But one cliche about polling that's inarguably true is that they're snapshots of a moment in time. It shows you where people's heads are at; what they think is important, what they seem to want, what misconceptions they hold, etc. If not predictive, polls can still be informative.

So looking at a New York Times/CBS News poll out today can tell us a lot about Republican primary voters, even if it doesn't tell us much about who will win that primary. This poll, like a recent CNN poll, finds Republican voters unimpressed with their choices. The NYT poll finds that "nearly 60 percent of Republicans cannot point to a single candidate about whom they are enthusiastic," while CNN's showed "No opinion/No one" in the lead, with 45% of respondents.

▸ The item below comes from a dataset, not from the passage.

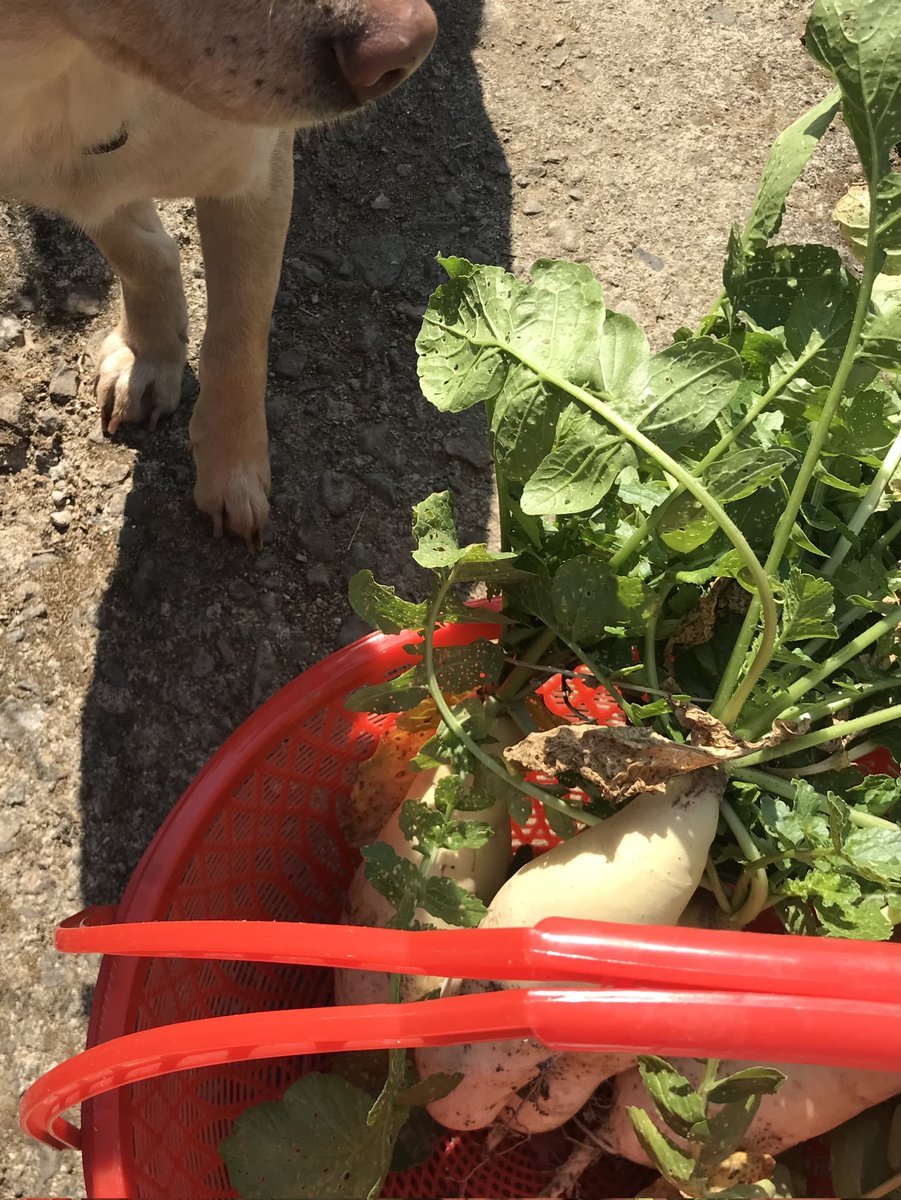 拔蘿蔔被蘿蔔葉扎😢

But Steve Benen finds a useful bit of information within the text of the Times reporting of their poll; Republican candidates will have to walk a fine line if the hope to become president. And that line is drawn between "crazy enough to win the primary" and "not too crazy to win the general election." Looking at the facts, it seems that line may not actually exist, but rather there's an overlap between the two.

[The poll] showed that Republicans who are considering making presidential bids will have to woo a party that largely identifies with the Tea Party movement -- more than half of Republican voters said they considered themselves Tea Party supporters -- and has questions about President Obama's origin of birth.

A plurality of Republican voters, 47 percent, said they believed Mr. Obama, who was born in Hawaii, was born in another country; 22 percent said they did not know where he was born, and 32 percent said they believed he was born in the United States.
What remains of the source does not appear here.